◆ Problem statement ◆
Your answer should consist only of the lines below from the one with "A girl's Merida mountain bike" through the one with "Wine Bottle Wall", copied exactly.

◆ Data ◆
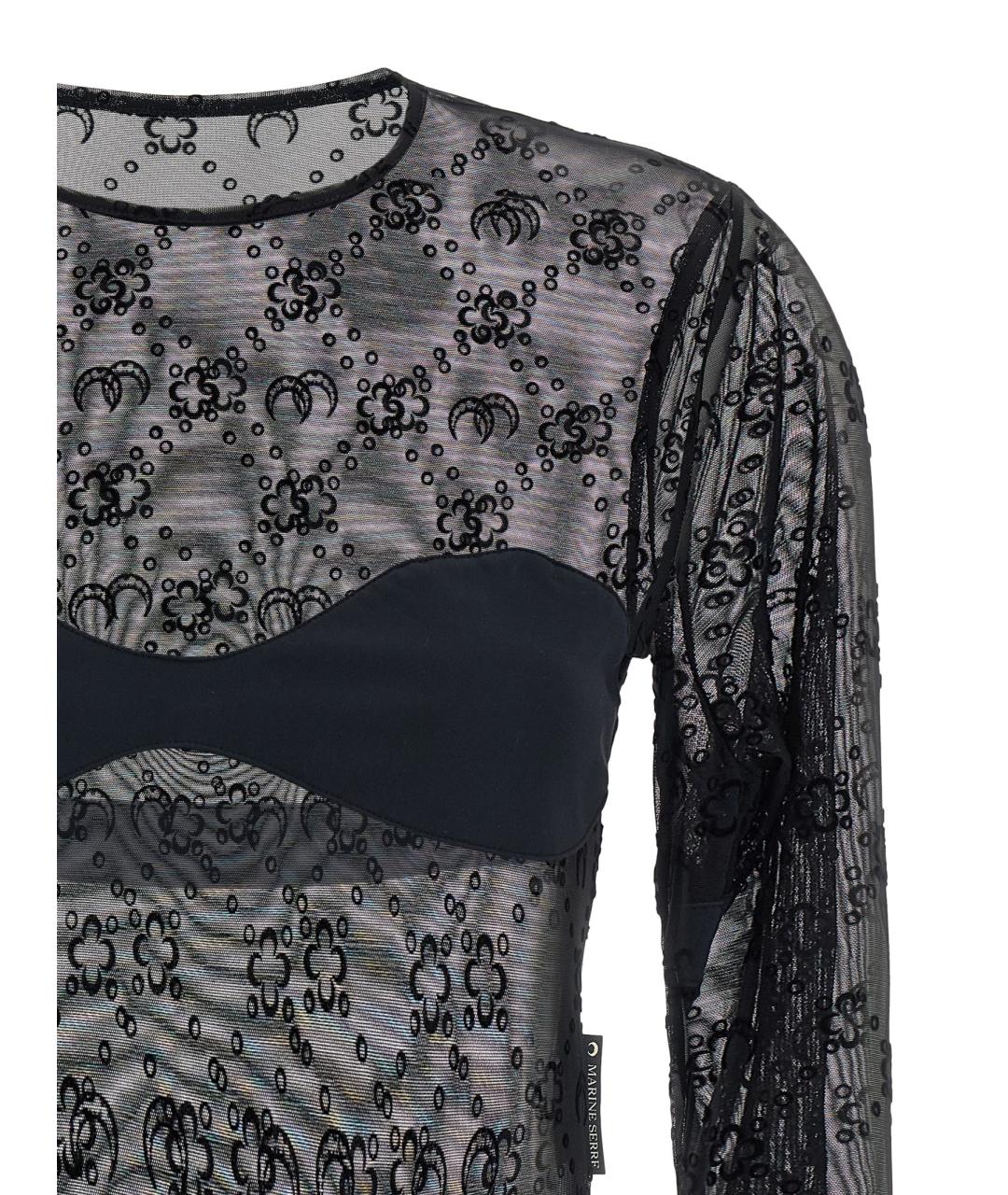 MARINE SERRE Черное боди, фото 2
==
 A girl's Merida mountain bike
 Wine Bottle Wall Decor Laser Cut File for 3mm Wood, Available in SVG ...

◆ Response for this exercise ◆
 A girl's Merida mountain bike
 Wine Bottle Wall Decor Laser Cut File for 3mm Wood, Available in SVG ...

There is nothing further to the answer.